Only the lines from the one with "Consequently, a 100" to the end of the data below should be given again, exactly, with both ends included and pictures omitted.
:: DATA
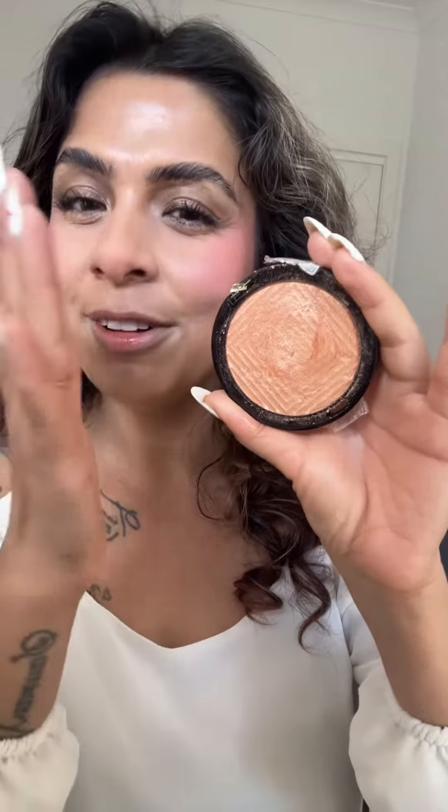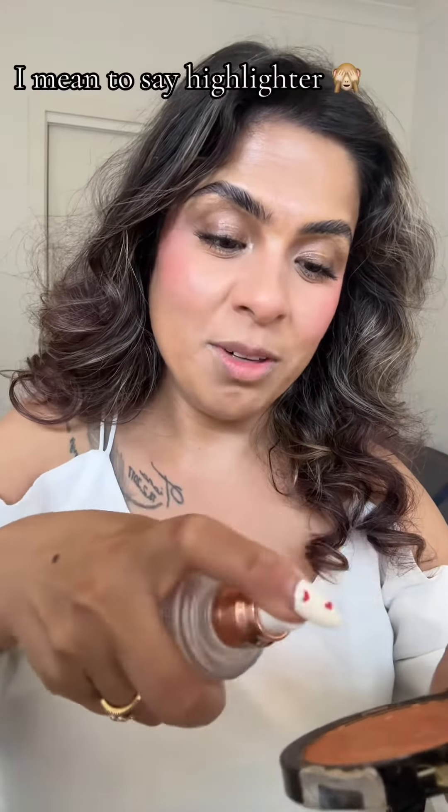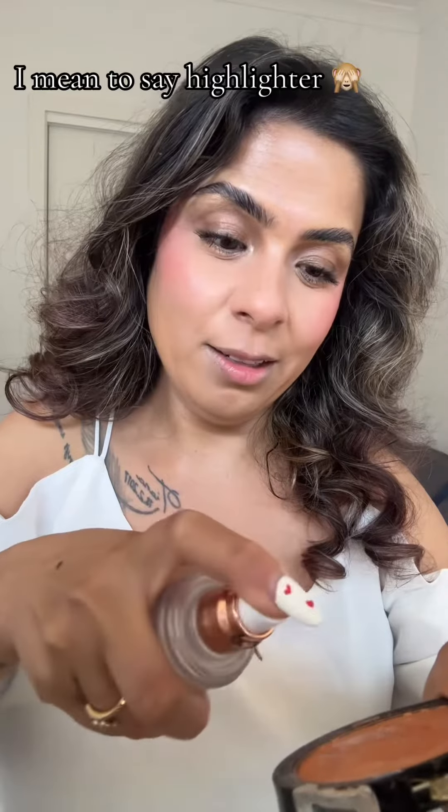I love this highlighter — this is Maybelline Master Chrome in shade Molten Gold. I love it, but I always refrain from wearing it because it always exaggerates my texture. Let's follow the technique and see whether we get a different result. Taking my setting spray, the Charlotte Tilbury, and spraying it all over.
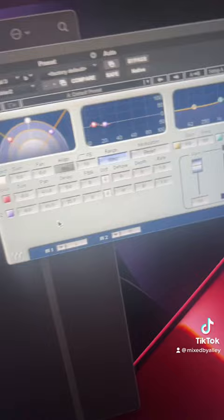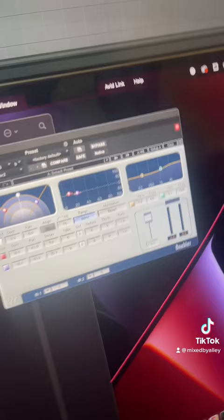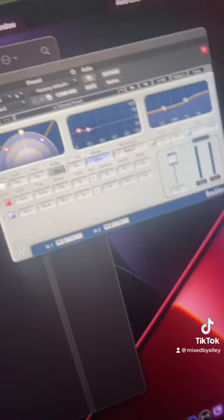Quick little underrated plug-in — Waves Doubler, the GOAT. I love this plug-in, I use this plug-in. I use it on remixes, especially ad-libs — on every ad-lib I do, any dubs. It's GOAT: it makes it wider, it makes it cut through the mix, it doesn't clash with the lead vocal, it gives it space, and it obviously puts it in the stereo field.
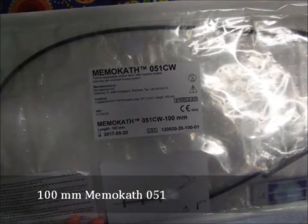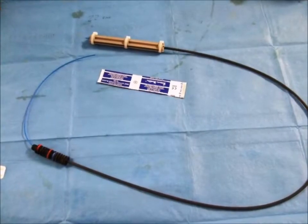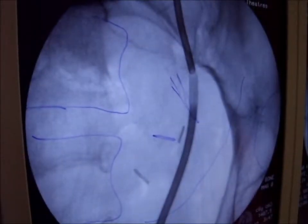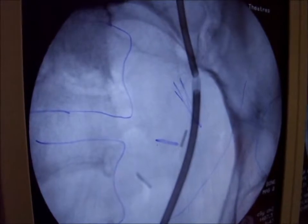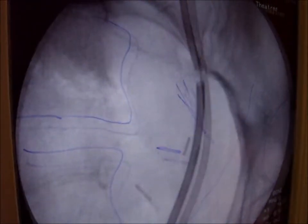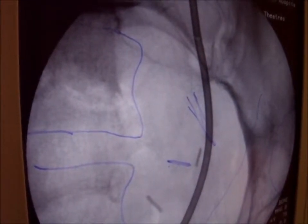Consequently, a 100 mm MAMOCAT is chosen to bridge the distal ureter into the bladder. The second MAMOCAT is inserted in the same fashion, touching the distal end of the proximal stent.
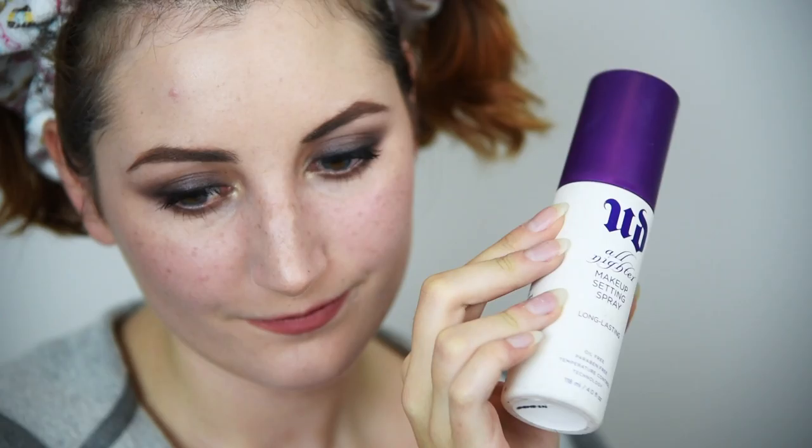For the finishing touch, use a setting spray to set everything in place and take away any excess powders. Now we're mosh pit ready! Remember to take lots of selfies and go ape! Thank you so much for watching — please like and subscribe for more videos. Bye!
::::
ANSWER BOX:
Consequently, a 100 mm MAMOCAT is chosen to bridge the distal ureter into the bladder. The second MAMOCAT is inserted in the same fashion, touching the distal end of the proximal stent.
For the finishing touch, use a setting spray to set everything in place and take away any excess powders. Now we're mosh pit ready! Remember to take lots of selfies and go ape! Thank you so much for watching — please like and subscribe for more videos. Bye!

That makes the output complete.